Where rates stand right now
The Bank of England base rate has been held at 3.75% for four meetings in a row, most recently on 18 June 2026. That stability is good news if you're on a tracker mortgage, but it hides a messier picture underneath. Inflation, which had fallen close to target through 2024 and early 2025, rose to 3.3% in the year to March 2026 and has stayed above the Bank's 2% target since.
The reason is the conflict in the Middle East, which pushed up oil prices and has fed through into household energy and transport costs. Before the conflict began, most economists expected the Bank to cut rates once or twice this year. That expectation has now flipped. Markets are pricing in the chance of a rate rise before the end of 2026, and one member of the Bank's Monetary Policy Committee already voted for an increase at the June meeting.
What this means for fixed-rate mortgages
This is the part that matters if you're buying. Fixed-rate pricing doesn't simply follow the base rate. It's driven by swap rates, which reflect what lenders think borrowing will cost over the next two to five years. When swap rates jumped after the conflict began, average fixed mortgage rates climbed sharply, with two-year fixed deals rising from around 4.83% in early March to over 5.7% within weeks. That alone added close to £300 a month to repayments on a typical £250,000 mortgage.
The more recent news is better. Through May and June, major lenders including Nationwide, NatWest, Barclays, TSB, and Santander have been cutting fixed rates again as swap rates eased back from their peak. Rates aren't back to where they were at the start of the year, but the direction over the past few weeks has been downward.
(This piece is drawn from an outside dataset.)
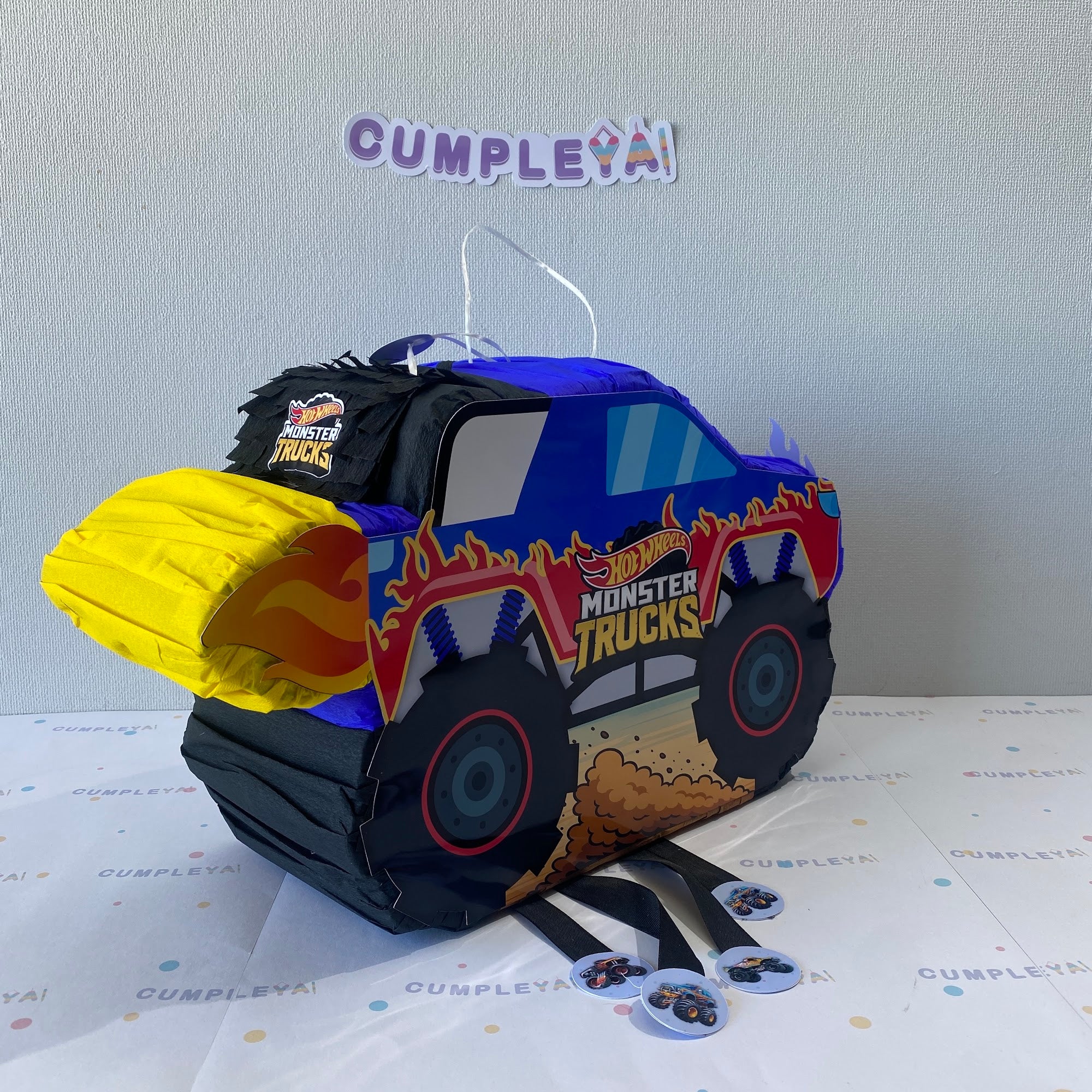 PIÑATA 40 CM MONSTER TRUCK AZUL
Nobody, including the Bank of England, knows with confidence where this goes next. The next base rate decision is 30 July 2026. Most analysts expect another hold, but a recent survey found a quarter of the public expect rates to rise this year, a quarter expect them to fall, and the rest are split between staying the same and not knowing. That kind of uncertainty isn't normal, and it reflects unpredictable global events rather than the usual economic cycle.
What it means if you're buying in WA3 right now
If you have a mortgage offer expiring soon, or you're coming to the end of a fixed deal, brokers have been saying the same thing. Don't wait and hope. Lock in a rate while it's available, ideally with a lender that lets you switch to something better later without penalty if rates fall again before completion.
For first-time buyers and movers in the £300,000 to £500,000 range, which covers much of the Culcheth and Lowton market, the swing in monthly payments between February's rates and April's rates was big enough to change what some buyers could realistically afford. That's cooled urgency in parts of the market, but it hasn't stopped sales happening. Properties priced correctly are still moving.
What it means if you're selling
Higher, less predictable mortgage rates mean buyers are being more careful with their numbers and slightly more cautious about stretching to the top of their budget. That makes correct pricing from day one even more important than usual. A buyer working out affordability at 5.5% rather than 4.5% is doing different sums to the buyer from two years ago, and an overpriced property gives them an easy reason to walk away rather than negotiate.
Buyer demand hasn't gone away though. House price growth forecasts for 2026 remain positive, somewhere between 1% and 5% nationally, with the North West expected to perform in line with or ahead of that. Mortgage rate volatility changes the conversation buyers have with their broker. It doesn't mean buyers have left the market.
The bottom line
Rates have moved around more in 2026 than anyone expected at the start of the year, driven by a geopolitical event rather than the usual economic signals. The base rate has held steady through it, fixed rates spiked and have since eased back, and the rest of the year remains genuinely hard to call. If you're weighing up a move, speaking to a whole of market mortgage broker now, rather than waiting for clarity that might not come for months, is the sensible step.